Incremental progress is critical

We originally set out to create a tool NASA JPL would actually use rather than a speculative design piece. We felt this would be more inline with what the client (NASA) was expecting, easier for our participants to see the value in, and more rewarding from a personal perspective. While we went in expecting to create an entirely new tool, what we actually created was a template for incremental progress that the NASA team could use for further design explorations. There is currently no tool that takes weather into account for rover activities, but thanks to us NASA has a point of reference and base research to begin looking at solutions outside of just atmospheric opacity. This design could be utilized to forecast effects of other weather conditions on instruments like pressure, humidity, or wind.

Narrow your problem space

As a result of clearly defining our problem early on, we were focused and better able to coordinate our efforts. As we continued into the design process, we realized that by finding and defining our space early, we were able to concentrate on solving a specific problem rather than spend more time ideating on a broader range of problem spaces, which would have consumed our already limited time. This also allowed us to explore multiple ways of solving the same problem, which became a boon when we realized that some approaches weren’t feasible. Rather than go back to the drawing board, we were able to substitute solutions we’d already presented and discussed. I’m convinced that being ruthless with our problem definition was one of my teams best decisions.
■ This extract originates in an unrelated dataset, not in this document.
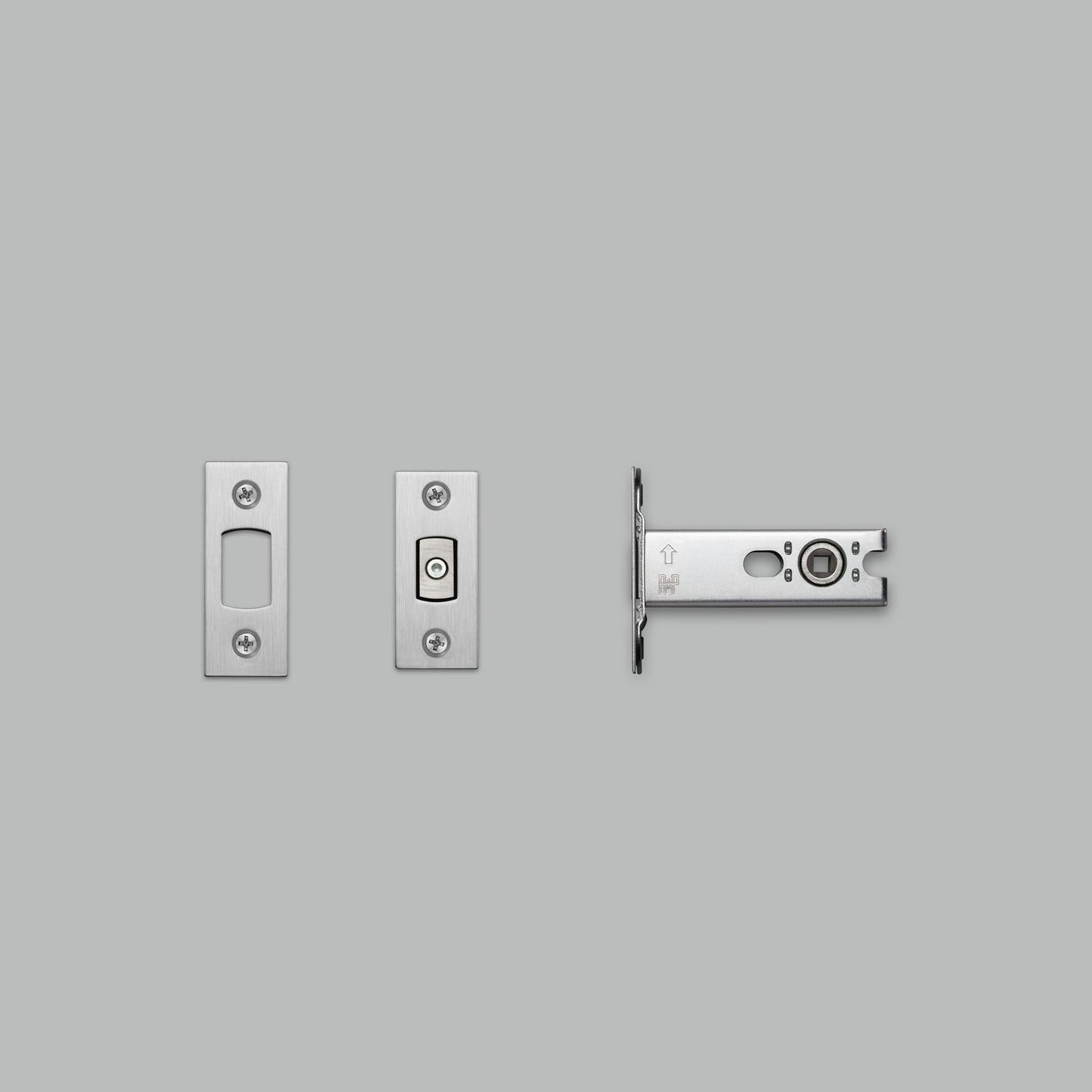 DEADBOLT LATCH / VRIDELÅS / 82MM / STÅL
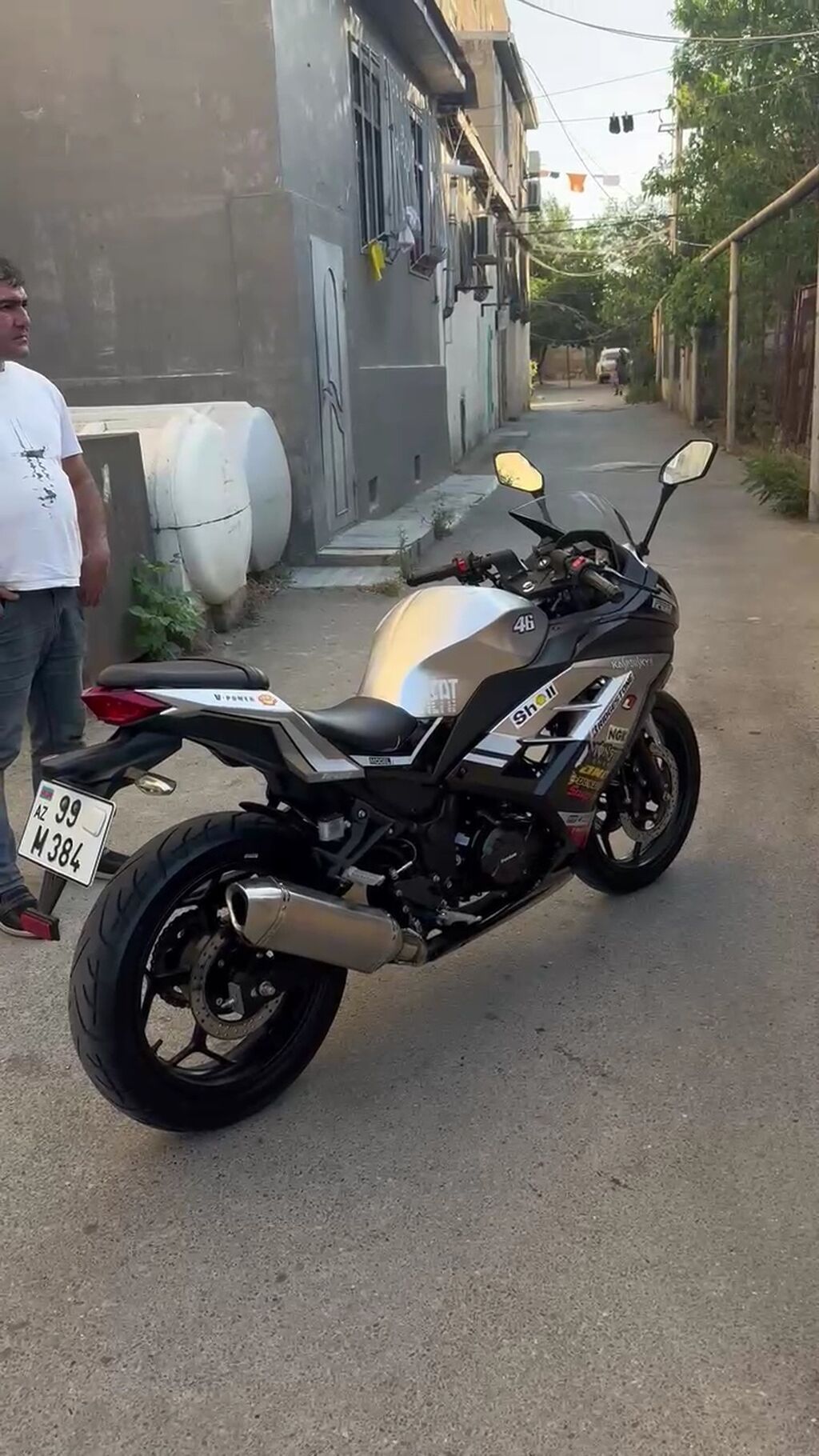 Salam az sürülüb heç bir problemi yoxdur satılır — Motosikletlər, Bakı (3)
Know your audience and speak in their language

One thing that our team did effectively stepping into the project was preparing ourselves with technical knowledge and learning the lingo at NASA. This helped us build rapport with scientists quickly during the research phase, leading to more productive conversations. This was even more apparent when we began getting peer feedback from within our cohort; when we spoke with our peers about our project there had to be a time allowance for education on Martian meteorology. If we had asked our NASA participants to do this for us, we would have wasted valuable time and the quality of our interactions would have suffered.

What I'd Change

Avoid remote testing early prototypes

Given the constraints of the project, we had very few NASA team members in the Seattle area to test with in-person. This meant that we had to move toward digital prototypes more quickly than I’d have liked. This limited our ability to test interactions in a low-commitment environment, which meant there was a greater threshold for implementing changes to the digital prototype. In-person testing also facilitates more context to the feedback you’re receiving because you are able to interact with the participant more. If I could, I would test early-stage prototypes earlier and with more people so that we could iterate more quickly on our early prototype and solve those problems faster.